OK PPL I AM NOT A TROL! I AM A VAMPIR OK GET IT STRAIT** I spit out my breakfast there, and it took me five minutes to stop laughing…** THANX FOR DA PPL HU GAVE ME GUD REVEIWS U GUIZ ROKK **MORE good reviews? Does she write them all herself?**

CHAPTER 4

I was walking down da halway in skewl wen i saw Ed wif... bella! **And the stupidity begins… **she waz askin him sumfing n cring all over da place.** How's she doing that? Can I learn how to do that?** "Wat is goin on" i snared n edword **Here we go again with the "edword". Seriously, learn his name** hugged me n sed "Its ok i waz tring 2 ignore her butt she wnt go away."

"Plz plz edmard" **Oh, that's a new one! **she cryed. "I realli want 2 go to homecumin wid u. i go evry year wif no date n now im in luv wif u nd i want u to b mi date."

STFU edward sed. "Cant u see dat i alredi hav a date. **Really?
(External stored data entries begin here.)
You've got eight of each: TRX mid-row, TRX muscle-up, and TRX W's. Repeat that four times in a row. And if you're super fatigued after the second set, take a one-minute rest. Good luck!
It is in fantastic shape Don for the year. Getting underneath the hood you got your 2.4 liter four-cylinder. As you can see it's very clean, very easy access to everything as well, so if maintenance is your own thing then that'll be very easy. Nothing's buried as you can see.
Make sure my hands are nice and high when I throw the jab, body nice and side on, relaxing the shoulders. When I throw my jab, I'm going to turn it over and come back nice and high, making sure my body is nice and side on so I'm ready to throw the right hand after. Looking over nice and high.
When did you ask her?** Dis is my gf TWILA." **She's your girlfriend now, huh?**

"Yea u better bakk off." i told her. "odderwize thingz mite get messi." **Ooooooooh, now I'm scared! Not **She ran away screming.
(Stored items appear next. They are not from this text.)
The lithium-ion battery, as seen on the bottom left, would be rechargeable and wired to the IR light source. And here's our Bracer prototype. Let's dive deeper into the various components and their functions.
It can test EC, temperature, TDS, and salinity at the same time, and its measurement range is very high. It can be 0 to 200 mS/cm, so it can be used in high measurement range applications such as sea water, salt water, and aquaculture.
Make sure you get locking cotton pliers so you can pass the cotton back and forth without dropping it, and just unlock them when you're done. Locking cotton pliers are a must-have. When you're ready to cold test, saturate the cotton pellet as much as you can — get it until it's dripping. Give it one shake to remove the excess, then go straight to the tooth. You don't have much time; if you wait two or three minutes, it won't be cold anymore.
"So hav u cn Esmet?' i assed him. "He waznt in homroom 2dai" "Yea ummm Tqila,** And again I'm rolling over the floor laughing my ass off… Tequila :D** he transforrmed out of da skewl so he culd go on tourz wif Gerad."** Err… They'd notice his absence, hun**

"But hes a vampir1" i was socked at dis. "Yea but ur a vampiir 2."** I don't see how this is relevant** ed sed. "o yea." i sed. (a/n I DINT FORGET I WAZ WATING 4 DA RITE TIME TO BRING IT UP AGEN.)** You should have waited a bit longer** so we both turned in2 batz n flew 2 class (no1 noticed).** So no one notices it when two giant bats suddenly turn up in class and transform into Twila and Eddy?**

When skewl ended i went in2 my car and drove hom. Wen I got der my sister was geting maried. **RANDOM! No really, where did that come from?**

"OMSG R U GETING MARIED 2 JAZER."** Who's that?** i culd not beleve it. **Neither can I** 'yea' she smeled. "I luv him n he iz goin 2 live wif us now." **Kill me now, please**

I storted 2 cry becuz ed n i wernt maried yet. **Excuse me for a moment: NOOOOOOOOOOOOOOOOOOOOOOOOOOOOOOOOOOOOOOOOOOOOOOOOO OOOOOOOOOOOOOOOOOOOOOOOOOOOOOOOOOOOOOOOOOOOOOOOOOO OOOOOOOOOOOOOOOOOOOOOOOOOOOOOOOOOOOOOOOOOOOOOOOOOO OOOOOOOOOOOOOOOOOOOOOOOOOOOOOOOOOOOOOOOOOOOOOOOOOO OOOOOOOOOOOOOOOOOOOOOOOOOOOOOO! Okay, I'm done. Dear GOD!** Midnite trid to hug me but i shot her away,** I'm now picturing her taking a gun and shooting Midnight to oblivion…** bcuz her lif waz so much betta dan mine. "Im alredi 16 n im not marred yet."** OH NO! The Horror!** tears swam down mi beatiful face.

Suddenly... dey al shoted "SURPISEE!1" Midnite n Jasper wernt getting married... IT WAZ 4 ME AND ED! **So rude, forcing them to marry when Eddy hasn't even asked her…**(a/n dey got mared da next day insted).** Err, okay?**

"NO WAY I was sooo inflated.** So… what exactly?** Edward and me had an atheest ceremoni in my hose. **How am I supposed to picture that?** So we were huband and wives. Midnite, Jazper, Esmie, **Esmie! Another new one! **Emet, Gerad, Rose, were all dere... but so waz... ALLICE! **Aaand, the Horror is back…**

"I hope ur not mad dat me n ur brother r married." i sed to her gothikally** How can you talk gothically?** after da wedding. "I told u that i dunt lik u that way, im not lezz."

"Sigh" she knew. So we all went 2 a party n had lots of blood. **The Cullens are veggie's, Ed would probably divorce you if you drank so much human blood. O wait, what am I saying? PLEASE drink that much, and then kill yourself when Eddy doesn't love you anymore.** Then we went bak to mi house. Some1 rang the bell n i answered it, making out wif Edword. **That's nice. It could be anyone there at your door.**

"Y DID U MARRI HIM YOU IGNORANIUS."** Ignoranius, so funny :D** shoted da guy at da door. It was Bibby Brown. **Who? **He ran in on his weelchaire n Jacob flowed him. "Dont u dare tuch Twia." snotted** He snotted? Did he wipe his nose at them? Tell them how much better he was than them?** Ed. Every1 came 2 c what waz happening. "Why wold I toch her, shes hieneous"** Even though you misspelled it (AGAIN) I agree** he glarred at me.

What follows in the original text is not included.